На крыльце осталось лишь мокрое пятно, да несколько крошечных льдинок, выпавших из складок одеяла. Они уже таяли под холодным дождем.
Кассиан не шевелился. Его лицо было каменной маской. Но внутри бушевал ураган. Ярость от того шлепка, от холодного расчета в глазах Марты, от тупой покорности Григория. Горечь от собственного бессилия. Долг требовал уйти. Наблюдать издалека. Не вмешиваться.
Он сжал кулаки так, что кожаные перчатки затрещали по швам. Комок ледяной ярости встал у него в горле. Он заставил себя сделать шаг назад, глубже в тень. Потом еще один. Он должен был уйти. Но прежде, чем раствориться в ночи, как будто его и не было, он бросил последний взгляд на захлопнутую дверь. Взгляд, полный обещания и предостережения.
Позаботьтесь о ней… – слова записки горели в его памяти. – Или вам не поздоровится.

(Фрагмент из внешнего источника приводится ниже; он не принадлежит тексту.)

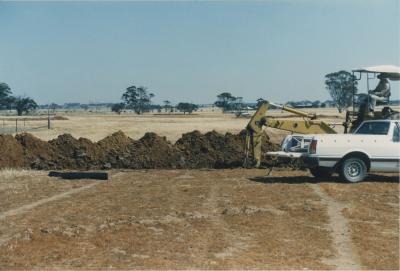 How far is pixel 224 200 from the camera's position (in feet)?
46.1

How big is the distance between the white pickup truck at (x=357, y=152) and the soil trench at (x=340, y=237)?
161cm

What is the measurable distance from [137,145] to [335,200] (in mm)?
11421

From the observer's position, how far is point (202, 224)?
36.8ft

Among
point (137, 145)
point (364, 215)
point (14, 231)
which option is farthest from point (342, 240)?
point (137, 145)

Он не произнес это вслух. Но тяжесть этого невысказанного обета повисла в сыром воздухе Каменного Лона, холоднее самого дождя. Он развернулся и бесшумно ступил на скользкий булыжник, уходя прочь. В спину ему дул ледяной ветер, неся с собой запах бедности, отчаяния и крошечного, беззащитного тепла, оставленного на холодном пороге. Пустота за спиной казалась громче любого крика. Его миссия только начиналась.
Прошло восемь лет.
Холод Каменного Лона не уходил. Он лишь менял оттенки. Летом – липкий, пахнущий гниющими отбросами в переулках и потом. Зимой – пронизывающий до костей, с ветром, выволакивающим последнее тепло из покосившихся лачуг. Но для Алисы (так ее назвали Марта и Григорий – просто, без выдумки, как называют рабочую скотину) холод был лишь одним из множества постоянных спутников. Как голод. Как страх.
Ее «комната» – это был угол за печкой в единственной комнате дома. Место, где хранились вязанки хвороста, стояли ведра с золой и пахло вечной сыростью и гарью. Там была сложена старая дерюга на полу и тонкое, продуваемое ветром одеяло, больше похожее на сеть. Здесь она спала, свернувшись калачиком, стараясь зарыться в тряпье поглубже, чтобы не слышать ночной храп Григория или ворчание Марты.
Алиса проснулась еще до рассвета. От холода. От привычки. Сквозь щели в стене пробивался сизый, предрассветный свет. Она лежала неподвижно, слушая. Стук сердца в ушах. Дыхание «родителей» за занавеской. Скрип мышей за стеной. Пока все спят – она в безопасности. Пока не видна – ее не трогают. Это было первое и главное правило выживания, усвоенное ею раньше, чем ходить.